Thank you for your insight.
Looks like it's fully reverted now, try again.
I've been trying to re-enroll mine when they prompted me previously and it didn't work then, I have no idea why they decided to force it when enrollment wasn't working already.
Same here stuck in the Loop myself Added Iphone passkey tried loggin in but nothing
I don't even know what a Yubikey is and I'm stuck in this loop
Same here, tried 3 times and it seemed to be endless.
What happened to phased rollouts in production?
See also:
https://www.reddit.com/r/Twitter/comments/1ovd3wz/im_not_abl...
https://www.windowscentral.com/software-apps/live/x-goes-dow...
Also happening here across two accounts.
Same problem here. Got logged out 30 min ago, can’t get back in.
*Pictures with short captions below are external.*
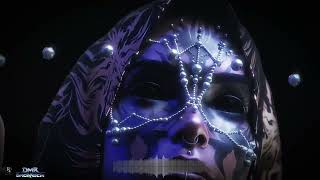 Download lagu BREAKBEAT 'IT'LL BE OKAY' FULL (DMR BREAKBEAT REMIX) mp3 Download lagu BREAKBEAT 'IT'LL BE OKAY' FULL (DMR BREAKBEAT REMIX) mp3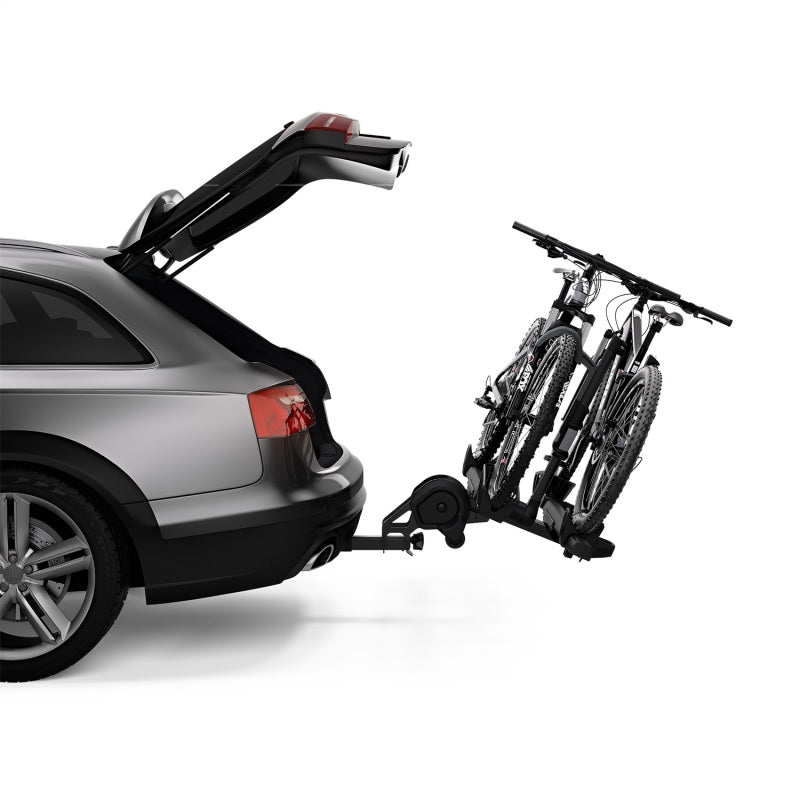 Thule THU T2 Pro XTR Bike Rack by Thule
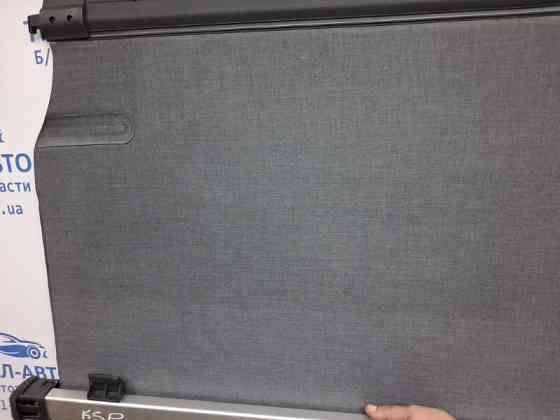Шторка багажника Kia Sportage 2010-2016 859103W000WK (Арт. 61855) Киев
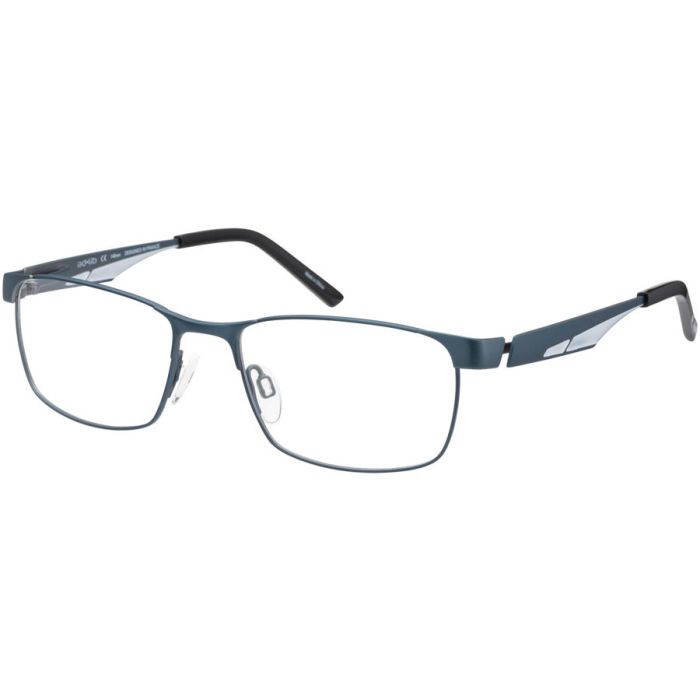 AD LIB 3170U BL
This is what happens when you hire Indians.
Also stuck in this endless loop.
Same - this should be a major SEV
Looks like they reverted the changes, I was able to get back in.
And looks like in the process any drafts users may have had are all gone now.
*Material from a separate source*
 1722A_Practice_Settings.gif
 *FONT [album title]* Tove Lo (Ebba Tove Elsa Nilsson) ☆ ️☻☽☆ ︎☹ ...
stuck but I've never used any hardware security keys on my account
Yep, this is me as well.
they just fixed it for me (well I'm not stuck in the loop anymore idk if they "fixed" fixed it yet)
Did you have to relog in or complete the flow one more time or?
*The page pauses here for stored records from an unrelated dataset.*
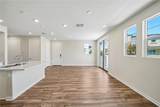 3169 Teralina Circle - Photo 17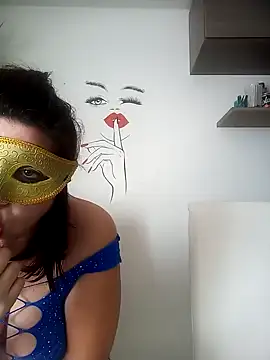 carolyne2023 online show from January 31, 9:48 am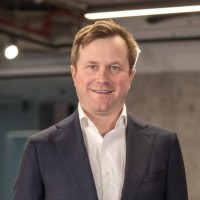 Equity-One Employee Nick Rogers's profile photo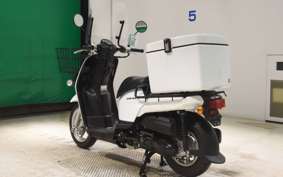 HONDA ﾍﾞﾝﾘｨ50-2 AA05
I'm stuck .... how can this go to prod.
good to know I'm not alone, can't figure out how to get out of the re-enroll deadlock.
Same here on 2 accounts, both having 2fa through a HW key(yubikey; though passkeys have the same behavior). At some point today(few hours ago) both my desktop and phone got reditected to x.com/account/access, where the loop started.
Frustratingly enough, i had already done the "re-enrollment" a long time ago(basically when they announced it was mandatory), but it seems like that was pointless(hopefully not).
I saw some prompts about birdhouse, re-did the enrollment, and badly enough (I think i dug my own hole with this one) it asked to remove the other 2FA option (SMS), to which I clicked yes.
This might sound bad but I sincerely hope X fixes it somehow, and all the keys enrolled/re-(re-[etc])-enrolled are not lost, especially those that were not added today. It might be a good idea (in practice, bad for security) to disable this new "https://x.com/account/access?flow=two-factor-security-key-po..." garbage fully, as I don't see myself contacting X support anytime soon(for obvious reasons).
(replying instead of editing for timestamp purposes) I clicked "enroll" randomly again > an "error has occurred" message appeared > the page randomly refreshed and everything works now.
im not alone. i have all same problem. Anyone know what happened?
This might never be fixed.
thats a bit weird from you
edit: OP originally said 'This is what happens when you hire Indian engineers'
Now it works, at least for me. Try now!
Got here after finding myself stuck in that exact loop (which initially I assumed was a phishing attempt from a webview ad link I thought I accidentally clicked).
Looks like some users who have never used or heard of Yubikey report being locked out and stuck in the same loop.
locked as well rip
What a shitty UX, the only account I could sign in into was an old unused one
nice to know i'm not specifically fucked here i guess
one of the reasons i waited so long to do it is bc i knew twitter would fuck it up... and lo and behold they now force you to... anddddd they fucked it up
smh. who pushed this nonsense to prod. I'm locked out too lol
same
me too
FFS. Me to.
I take solace in the fact that for this one time i'm not the only one stuck in a bs purgatory. Is it too much to ask of a roman-saluting trillionaire to not break basic things?